The episode was written by David Fury and directed by Greg Yaitanes. According to series co-creator Damon Lindelof, discussion of both "Solitary" and the following episode, "Raised by Another", began in September 2004, when Lost debuted on television. The production team had fallen behind schedule, so Fury worked on "Solitary" while others went to a separate room to discuss "Raised by Another", with writer Carlton Cuse "bouncing between the two universes". Although production codes generally go in ascending order, "Solitary" had production code 107, while "Raised by Another" had production code 106. This was because, despite the broadcast dates, "Raised by Another" was written before "Solitary". The episodes were edited so that Sayid would return at the end of "Raised by Another". "Solitary" and "Raised by Another" were the first to orient the series in a "weird and mythological" direction, according to Lindelof. In "Solitary", the series solved its first mystery by revealing the origin of the French voice heard earlier. This reveal occurred despite the network encouraging the producers to wait until the finale to show Rousseau.

The episode was the first to feature flashbacks with Sayid, an Arab character. The producers knew they had to tread carefully with the character due to possible prejudices against Arabs. The actor, Naveen Andrews, said, "we were all pretty nervous, in the sense that we all felt we owed a real obligation, not just to Iraqis but the entire Arab world about how this character would be played." In an early draft of "Solitary", Rousseau told Sayid that she and her research team were studying time.
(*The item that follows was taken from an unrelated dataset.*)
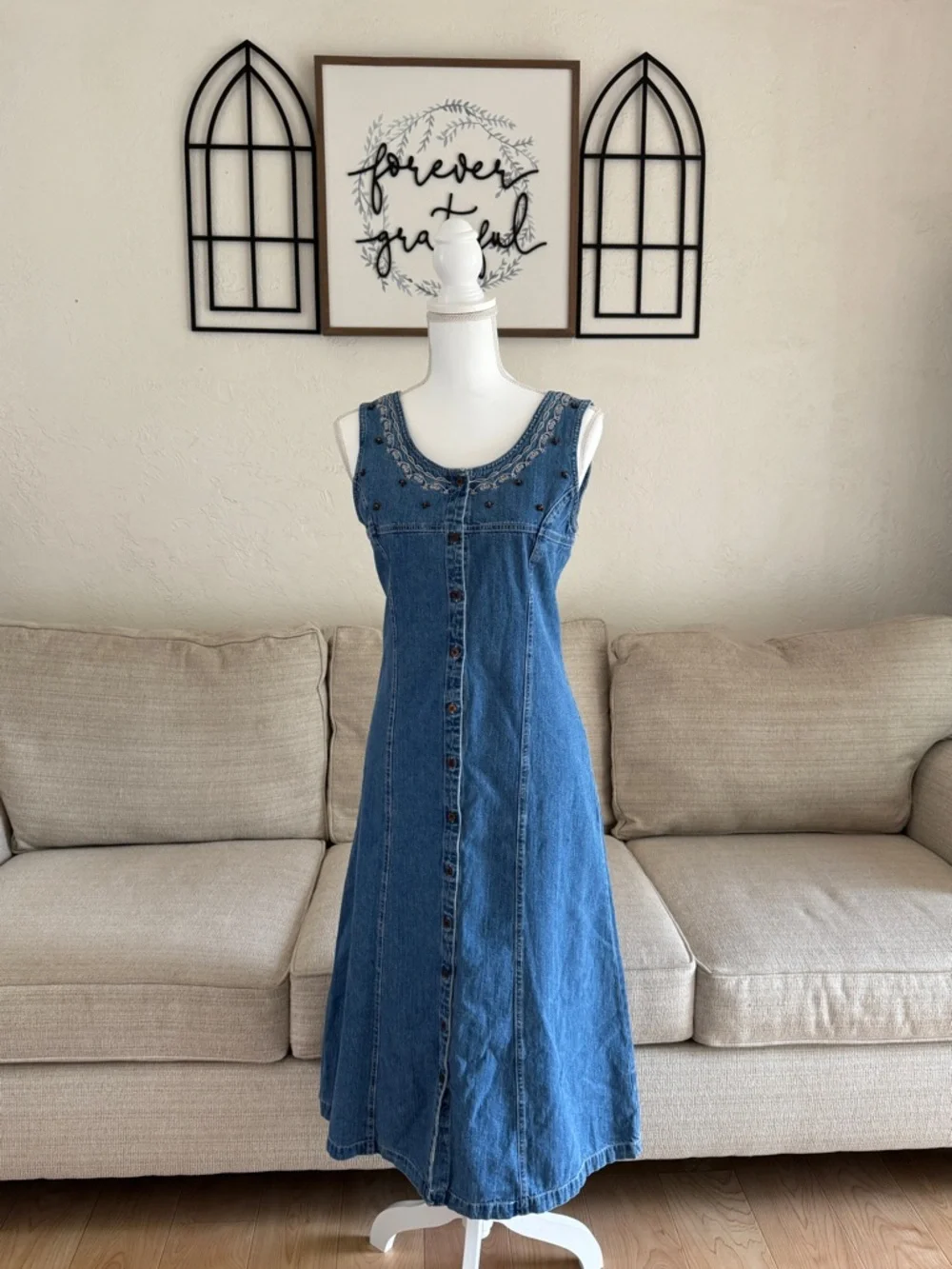 Vintage Christopher & Banks Embroidered Denim Button-Front Midi Dress Size 10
When ABC saw this draft, they asked the producers to remove this line, explaining that they did not want the show to venture into science fiction during the first season. The character of Sullivan, to whose medical woes Jack tended, was created to make the rest of the survivors think that Rousseau's team was killed by an illness. The idea for Hurley's golf course came from script coordinator Brent Fletcher; it was based on a miniature golf course he created in the offices for the television show Angel.

==Reception==
"Solitary" first aired in the United States on November 17, 2004. An estimated 17.64 million American viewers watched the episode on ABC, a decrease from 18.44 million viewers in the previous episode, "Confidence Man". In a review of the episode, Chris Carabott of IGN commented that Rousseau appeared to be more emotionally fragile than in later seasons, and was like a "loose cannon". Carabott found that as the series progressed and the mystery around the character was lessened, Rousseau was unable to deliver the same impact she made in her first appearance. Myles McNutt of The A.V. Club commended Mira Furlan's performance, writing, "[Rousseau is] an unreliable historian of the island in the best way. Rousseau has been on this island for over sixteen years, and it shows in her ramshackle bunker, her unkempt appearance, and the fact she tortures Sayid for information before even asking him a cursory question about his identity."

In a ranking of every episode of Lost (excluding the finale) for the Los Angeles Times, Emily VanDerWerff ranked "Solitary" as the show's 45th best episode, and called it underrated. In a similar list, IGN staff ranked the episode as Lost's 51st best, and observed that "despite [Sayid's] dark past, it was hard not to love the character even more after this episode." MTV ranked the episode the 32nd best of the series. Writing for Zap2it in 2008, Ryan McGee said he particularly enjoyed the episode and deemed it one of his top ten favorite episodes that had aired up to that point. McGee explained that "Solitary" contains "a lot of enclosed encounters between two people, set against a gorgeously shot B story that warms the heart."